Sequels can be a tricky thing to write sometimes. Such projects can end up being a lesson in frustration when you realize that you haven’t really written a new story in the universe you’d created so much as you’ve just attempted to rewrite the original story again, and that can be a huge problem in itself.
I’ve been working off and on with a sequel to the Bridgetown Trilogy (which I’ve been referring to as MU4, as in ‘Mendaihu Universe Book 4’) and as tempting as it is for me to write another story about the dysfunctional shenanigans of Vigil or the PoeKaina and CarNando ships (heh) or whatever, that’s the last thing I should really be doing. That’s why one of the first rules I’d come up with when I first started playing with the idea was to have Book Four set seventy years after the events of The Balance of Light, ensuring the original cast was already in the past tense, at least in the physical sense. I had to come up with new characters, each with their own histories and drives, yet somehow tie it in with the Mendaihu Universe. That in itself wasn’t too hard, as I’d left myself wide open for all kinds of exploration in this particular world.

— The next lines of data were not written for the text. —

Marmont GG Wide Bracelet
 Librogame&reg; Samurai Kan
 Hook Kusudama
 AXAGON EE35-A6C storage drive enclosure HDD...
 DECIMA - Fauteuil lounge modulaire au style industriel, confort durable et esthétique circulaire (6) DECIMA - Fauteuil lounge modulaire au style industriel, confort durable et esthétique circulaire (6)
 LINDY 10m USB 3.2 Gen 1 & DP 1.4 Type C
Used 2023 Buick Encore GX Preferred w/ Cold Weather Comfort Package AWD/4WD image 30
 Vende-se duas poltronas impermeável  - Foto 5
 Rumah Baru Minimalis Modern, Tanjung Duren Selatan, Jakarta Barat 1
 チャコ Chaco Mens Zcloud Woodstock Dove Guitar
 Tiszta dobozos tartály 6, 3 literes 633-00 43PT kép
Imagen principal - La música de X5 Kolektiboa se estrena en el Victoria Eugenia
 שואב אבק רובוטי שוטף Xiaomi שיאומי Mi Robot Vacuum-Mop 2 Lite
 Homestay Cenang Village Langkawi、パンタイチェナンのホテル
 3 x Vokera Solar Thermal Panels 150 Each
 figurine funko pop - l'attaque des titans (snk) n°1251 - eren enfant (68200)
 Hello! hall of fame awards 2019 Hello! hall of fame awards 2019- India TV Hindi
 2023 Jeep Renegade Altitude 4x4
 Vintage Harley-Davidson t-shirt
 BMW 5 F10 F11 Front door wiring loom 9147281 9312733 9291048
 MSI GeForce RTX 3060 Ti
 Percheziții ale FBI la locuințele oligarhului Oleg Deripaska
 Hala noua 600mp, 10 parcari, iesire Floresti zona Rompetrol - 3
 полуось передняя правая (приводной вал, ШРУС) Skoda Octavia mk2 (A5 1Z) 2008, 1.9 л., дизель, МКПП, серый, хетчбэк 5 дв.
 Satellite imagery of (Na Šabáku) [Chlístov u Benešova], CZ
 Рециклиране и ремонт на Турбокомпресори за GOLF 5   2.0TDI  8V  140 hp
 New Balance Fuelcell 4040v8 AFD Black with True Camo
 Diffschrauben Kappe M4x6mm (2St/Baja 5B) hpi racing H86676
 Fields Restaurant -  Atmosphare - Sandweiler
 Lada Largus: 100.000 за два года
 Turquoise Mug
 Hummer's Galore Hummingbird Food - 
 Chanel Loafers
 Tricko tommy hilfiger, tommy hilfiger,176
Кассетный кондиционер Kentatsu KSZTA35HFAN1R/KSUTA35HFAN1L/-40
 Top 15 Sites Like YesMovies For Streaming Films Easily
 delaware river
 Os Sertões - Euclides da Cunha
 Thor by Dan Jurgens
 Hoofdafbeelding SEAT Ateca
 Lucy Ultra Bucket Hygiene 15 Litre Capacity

No, the hard part was how to tie it in with the original trilogy yet not write the trilogy again. So how do I do that?
With In My Blue World, I deliberately left the story open-ended to a degree that its main characters could go on further adventures with Zuzannah and the rest of the alternate universe gang. That kind of sequel is in a ‘continuing adventures of…’ format, such as Jim Butcher’s Dresden Files, or Martha Wells’ Murderbot Diaries. Conversely, Diwa & Kaffi evolved out of a world I’d already created for a multi-short story project involving different species of beings on a college campus, so that one will end up sort of going in reverse when I get to writing those stories. That format is simply standalone stories in a shared world.
So with MU4, I had to give everyone a new directive: it had to relate to the supernatural/spiritual goings-on in that world, with many of the rules that Denni/The One of All Sacred laid down by Book 3…and then twist them somehow. Historical knowledge tends to warp and evolve over the years; what really happens and what we want to remember can often be two completely different things, especially when spirituality and religion is involved. That ends up being the main rule of the new version of this universe: Bridgetown (and the world) is filled with loyal Followers of the One…yet do they truly follow the tenets Denni laid down so many years ago? And then follow it up by imprinting these new characters onto that rule and see where it goes.
There are many ways to go about writing sequels, and of course how you decide to write them totally depends on how you want to approach them. My favorite way, as you’ve noticed, is to keep my original stories open for such possibilities! My only caveat then is to keep a finite number of ground rules…and the rest is fair game.